II. Une applicabilité imprécise étendue par la jurisprudence

Imprécis, l’article 51 §1 a vu sa portée étendue quant à l’applicabilité de la Charte aux Etats membres (A) et aux particuliers, absents de la disposition (B).

A. Une lecture extensive de l’applicabilité aux Etats membres

  • La disposition relative à l’applicabilité aux Etats membre est imprécise et a été largement précisée par la jurisprudence, qui a étendu sa portée par rapport à la lettre du texte.
    • Extension de la nature des destinataires : art. 51 §1 vise « Etats membres » mais la CJUE a étendu à toute instance nationale ou locale dotée de prérogatives de puissance publique mettant en œuvre le droit de l’Union : arrêt Farrell de 2017. Portée aussi étendue aux juridictions nationales mettant en œuvre le droit de l’Union : arrêt Aranyosi de 2016.
    • Extension des domaines d’application : art. 51 §1 vise situations où est mis en œuvre le droit de l’UE, donc la notion d’acte de droit européen. Mais la CJUE a étendu :
      • Aux réglementations nationales ayant un « lien de rattachement d’un certain degré » avec le droit européen dans un arrêt Cruciano Siragusa de 2014
      • Plus étonnamment, aux actes de droit interne par lesquels l’Etat déroge aux règles du droit européen, comme dans l’arrêt N. S. de 2011.
      • Mais aussi et surtout, dans l’arrêt de principe Akerberg Fransson de 2013 elle vise « toute situation régie par le droit de l’Union » et admet qu’un lien indirect entre règle nationale et droit européen déclenche l’applicabilité de la Charte.
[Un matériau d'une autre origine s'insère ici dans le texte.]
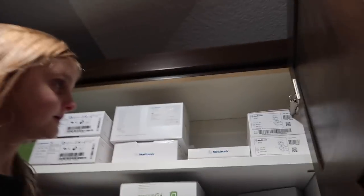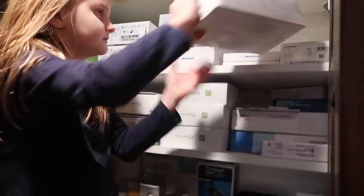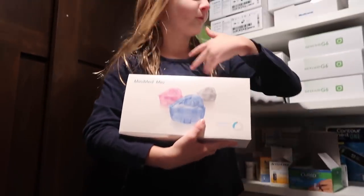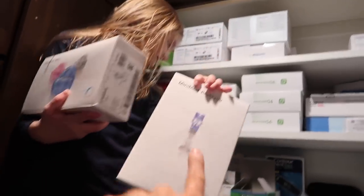So you can show them the boxes. This is from your Guardian pen — it's from your old pump. Those were what we used to give her shots with, if you see her old videos. And this is the stuff that you put the insulin into the pump. The pump's down there, we'll show you.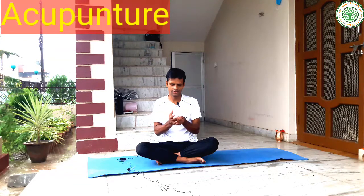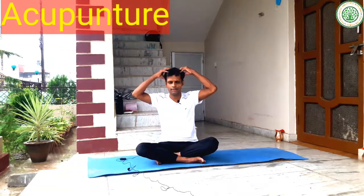Then you can also press the thumb finger as well. Then you can press the acupressure point for the kidney, which is located in the middle of the palm. Then you can massage your head.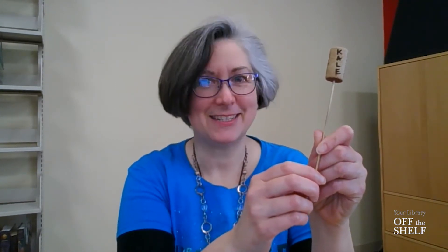First, I'll show you how to make one using an old spoon, a picture and the name of the plant, some Mod Podge, and a paintbrush. Then I'll show you how to make a row marker from an old cork, a skewer, and a Sharpie. Super easy, super fun. So let's get started.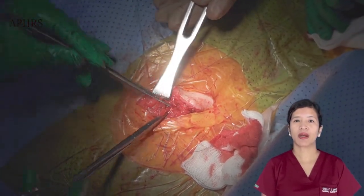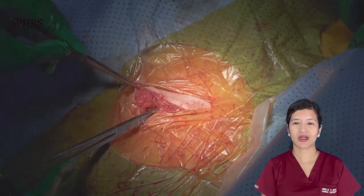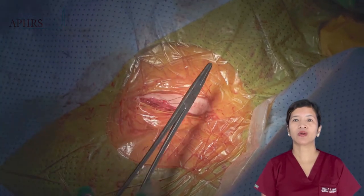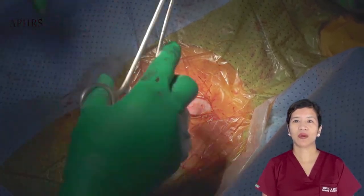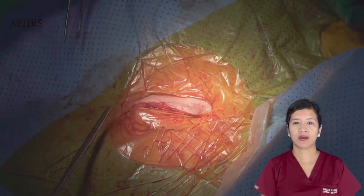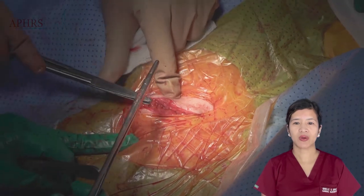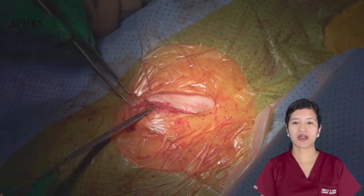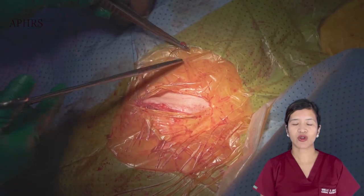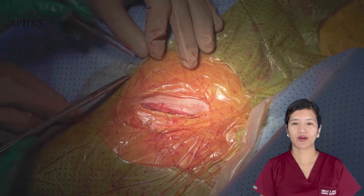If one is not able to capture the pectoralis fascia layer, this inadvertently results in too thin tissue superficial to the generator and eventually thinning out of the tissue and possible erosion, particularly in thin and cachectic individuals. The vertical mattress is a running stitch that involves the lower half to two-thirds of the pocket and the pectoralis fascia.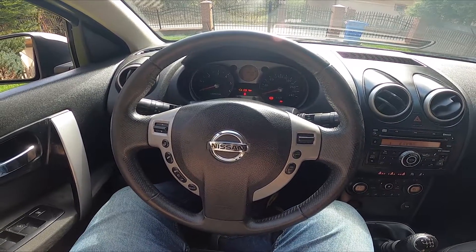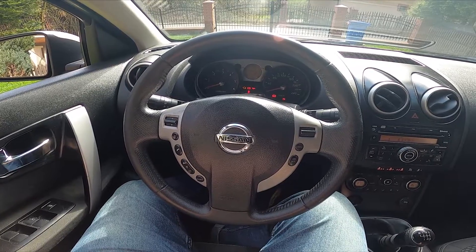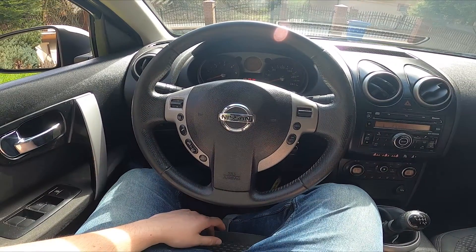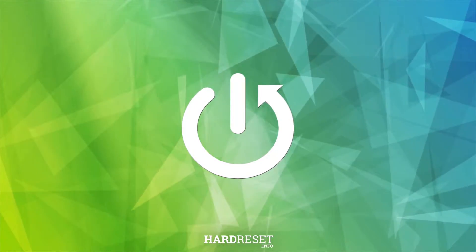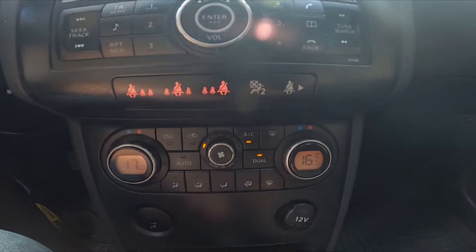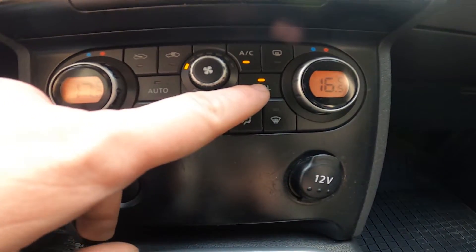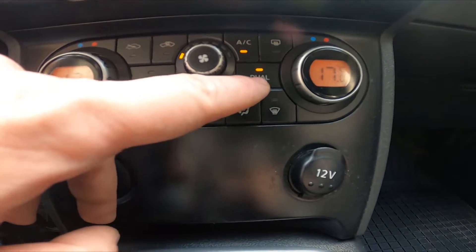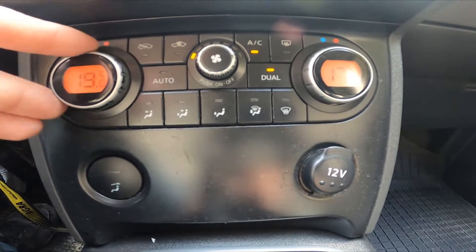Hello, today I'm in a Nissan Qashqai. In this video I'll show you how to synchronize and desynchronize airflow. Take a look at the center of the car — right here we've got this panel. To desynchronize airflow, simply press this button. Make sure that the dual LED light is on. Now airflow is desynchronized.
Ce lien a parfois pu être très indirect dans des arrêts critiqués, comme l’arrêt Thierry Delvigne de 201510.
  • En interprétant de façon généreuse l’art. 51 §1 de la Charte la CJUE a simplifié l’applicabilité de la Charte en la corrélant à l’applicabilité du droit européen. Garantie d’« unité et primauté du système européen de protection des droits fondamentaux », comme le rappelle le Conseil d’Etat.

Mais la jurisprudence a également agi là où la disposition ne le fait pas, puisqu’elle a dû se prononcer sur l’applicabilité horizontale de la Charte, sujet absent de l’article 51 §1.
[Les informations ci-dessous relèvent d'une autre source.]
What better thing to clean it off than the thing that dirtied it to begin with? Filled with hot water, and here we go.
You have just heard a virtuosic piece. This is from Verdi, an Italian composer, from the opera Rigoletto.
B. Une portée étendue aux particuliers par la jurisprudence

  • Art. 51 §1 de la Charte n’évoque pas applicabilité aux particuliers. Pourtant, depuis Van Gend & Loos de 1963 les citoyens européens sont bénéficiaires directs du droit de l’Union : un oubli étonnant pour un texte d’une telle importance. Manque comblé par la jurisprudence.
    • CJUE a recours aux critères de l’effet direct des dispositions des traités :
      • Dispositions des traités d’effet direct si elles sont claires, précises et non conditionnelles d’après arrêt Reyners de 1974. Ces critères s’appliquent aussi aux dispositions de la Charte d’après le célèbre arrêt Association de médiation sociale de 201411.
      • Dispositions de la Charte ne peuvent être invoquées par des particuliers que si elles sont d’effet direct. Ex. arrêt Glatzel de 2014 : pas d’invocabilité de l’art. 27 de la Charte car pas d’effet direct. A l’inverse, art. 31 §2 invocable dans arrêt Bauer et Brosso de 201812
    • Justification de cette limitation posée par la CJUE à l’applicabilité horizontale : volonté d’éviter les recours abusifs à la CJUE pour contester des mesures nationales sans lien avec le droit de l’Union, comme le précise F. Martucci dans son Droit de l’Union européenne.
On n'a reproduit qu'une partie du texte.